_Exercise aim_
An exact transcription of the records is required, minus any images.

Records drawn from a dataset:
-------

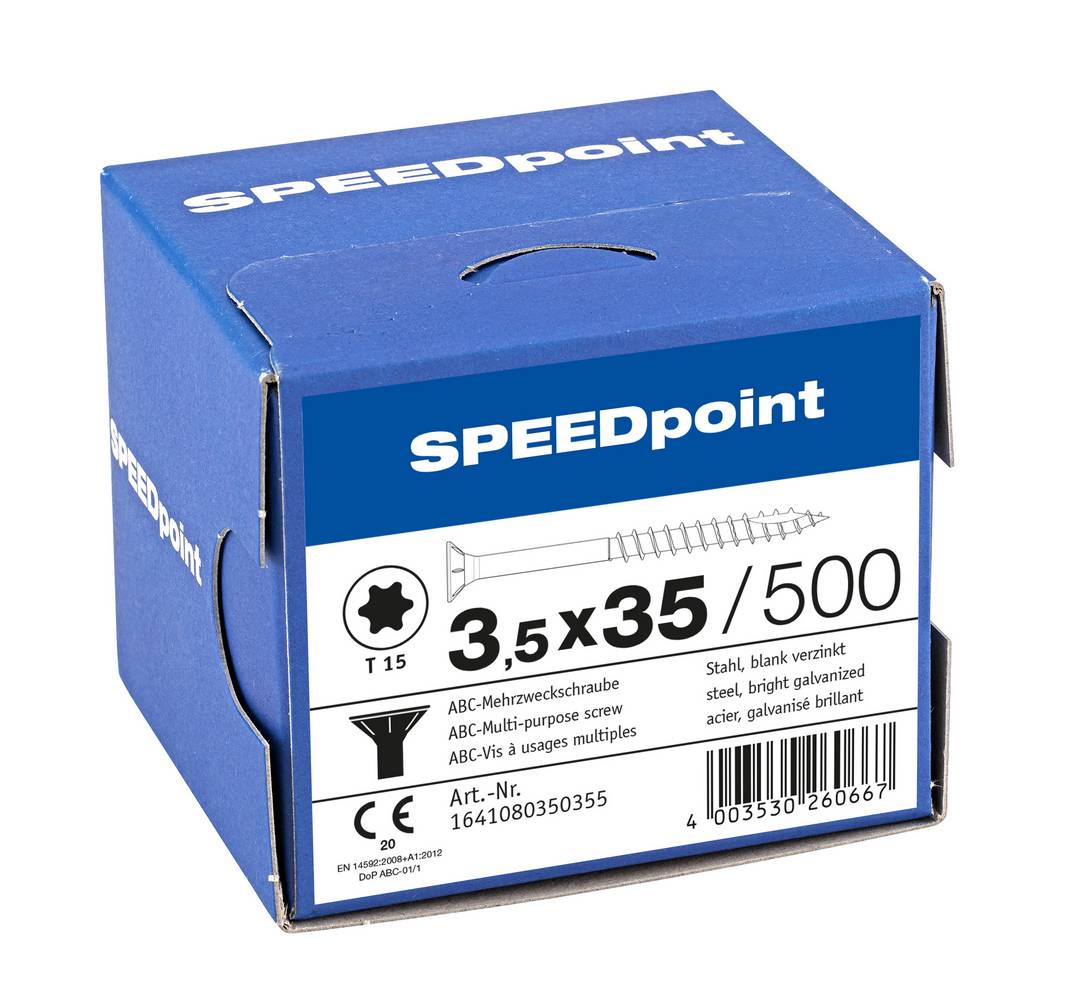 Spax Speedpoint Universalschraube TX 3,5x35 Verzinkt Teilgewinde Senkkopf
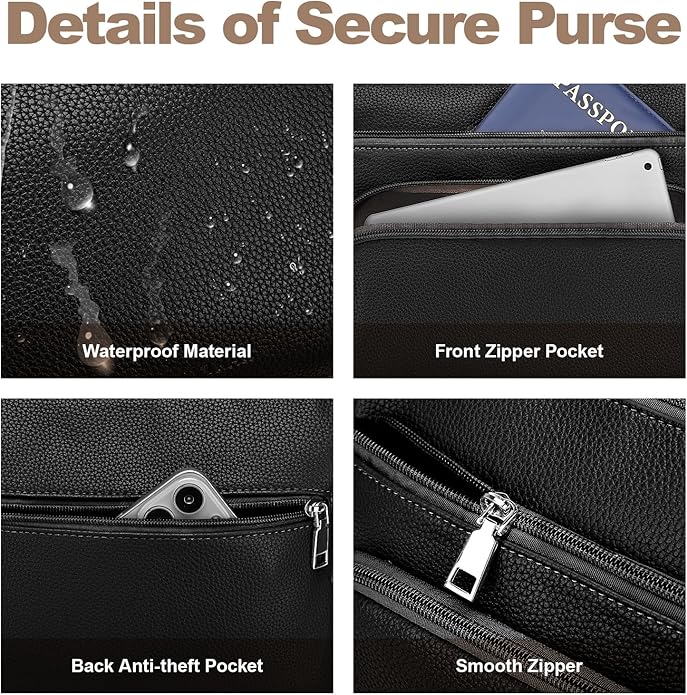 SYTRAH Anti-Theft Crossbody Purse for Women, Crossbody Shoulder Bag with Built-in Wallet & RFID Blocking for Travel Workout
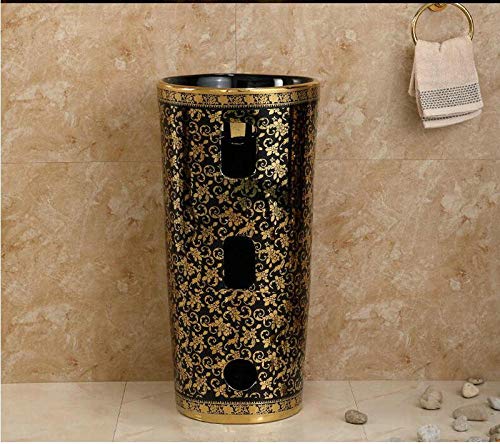 Waschbecken Gold Schwarz Runde Standwaschbecken Keramik Waschbecken mit Ständer Standwaschbecken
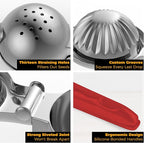 Lemon Squeezer Stainless Steel - Premium Quality, Heavy Duty Solid Metal Squeezer Bowl - Large Manual Citrus Press Juicer and Lime Squeezer (Red)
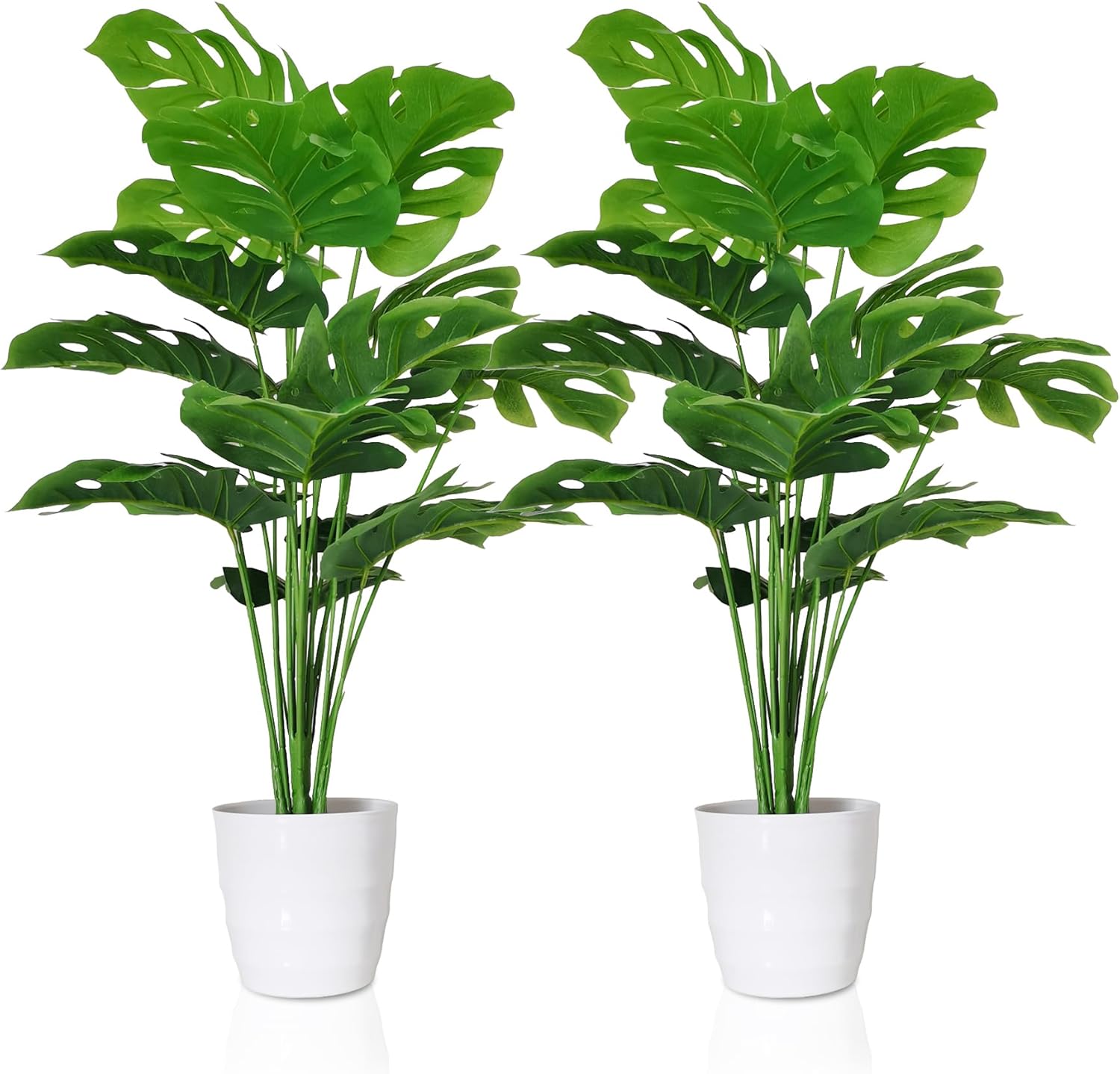 Set of 2 Artificial Monstera Deliciosa Plants in Pots, Fake Tropical Palm Tree with Greenery Leaves Stems, 28 Inch Artificial Cheese Plant for Home Bathroom, Office, Windowsill Decor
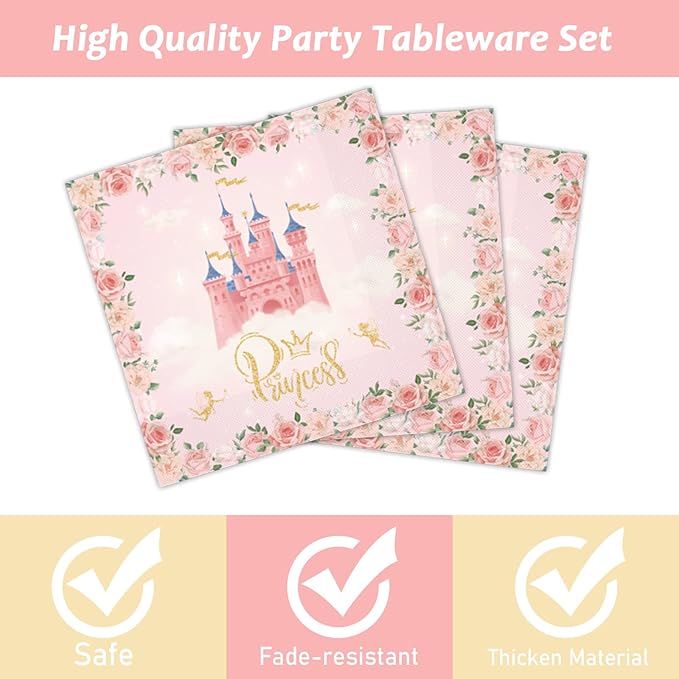 96 Pcs Princess Party Supplies Pink Floral Tableware Set With Plates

-------

_Response box_
 Spax Speedpoint Universalschraube TX 3,5x35 Verzinkt Teilgewinde Senkkopf
 SYTRAH Anti-Theft Crossbody Purse for Women, Crossbody Shoulder Bag with Built-in Wallet & RFID Blocking for Travel Workout
 Waschbecken Gold Schwarz Runde Standwaschbecken Keramik Waschbecken mit Ständer Standwaschbecken
 Lemon Squeezer Stainless Steel - Premium Quality, Heavy Duty Solid Metal Squeezer Bowl - Large Manual Citrus Press Juicer and Lime Squeezer (Red)
 Set of 2 Artificial Monstera Deliciosa Plants in Pots, Fake Tropical Palm Tree with Greenery Leaves Stems, 28 Inch Artificial Cheese Plant for Home Bathroom, Office, Windowsill Decor
 96 Pcs Princess Party Supplies Pink Floral Tableware Set With Plates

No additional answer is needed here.